Oh well. Six more days. 


In other news, I have discovered that Billy loves glue, and will usually do any work involving it. So I make worksheets and projects based on his IEP goals, that require him to glue things onto other things. I even turn the teacher's regular worksheets into cut-and-paste activities to adapt them for Billy! He does tend to eat quite a bit of the glue in the process. (Don't worry, it's nontoxic!) 


Yesterday the teacher let the kids play with shaving cream during free time. She just squirted a little bit of shaving cream on each of their desks. It's fun, novel, doesn't stain, and is super-easy to clean up! It even leaves the desks cleaner than they were in the beginning! Billy was watching some of the other kids play with the shaving cream. I asked him, "Do you want to try that?" and Billy enthusiastically replied, "YES!"

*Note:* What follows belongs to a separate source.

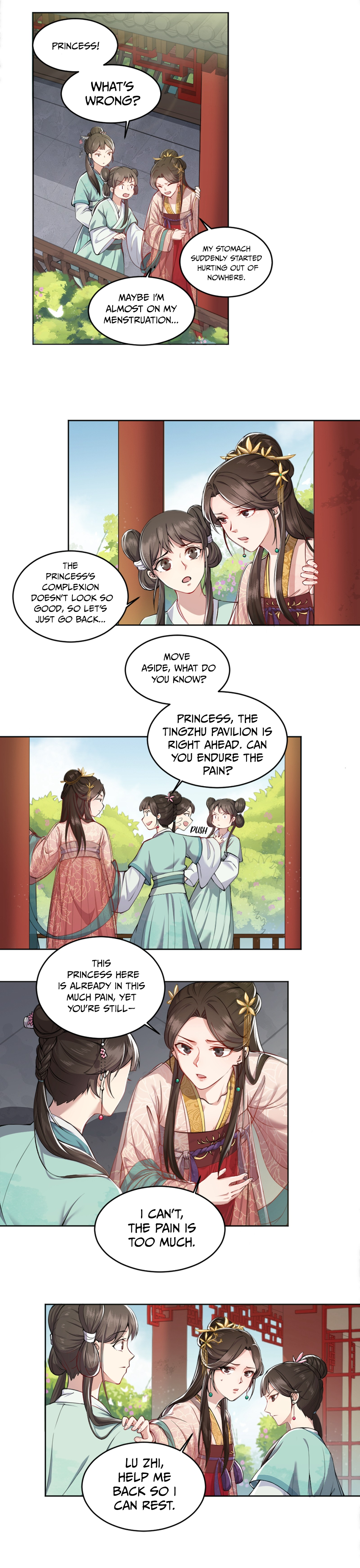 Pink Blossoms Mirror Your Beauty Ch. 2 第4页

I took him to his desk, and the teacher sprayed some shaving cream on the desk. Billy stuck his hands into it. He giggled and said, "Shaving cream!" Then he took a big handful and stuck it in his mouth!

The teacher assured me that the shaving cream was nontoxic too, but it still grossed me out. I know some people will tell me, "Maybe he thought it was whipped cream!" But he still kept trying to eat it, even after that full mouthful, so I think he must have realized it wasn't whipped cream and just liked it anyways. 


Ugh. 

Six more days. 

1 comment:

  1. That's so frustrating!! It definitely seems like there are some communication flaws in this summer program and that is really too bad. What other things have not been communicated to you and the other aides? In my opinion, when student's are concerned all info that can benefit them should be shared. It is to bad that things like well established practices aren't shared with you.
    You've been doing amazing through all of this and it will look great on your resume, you should be proud.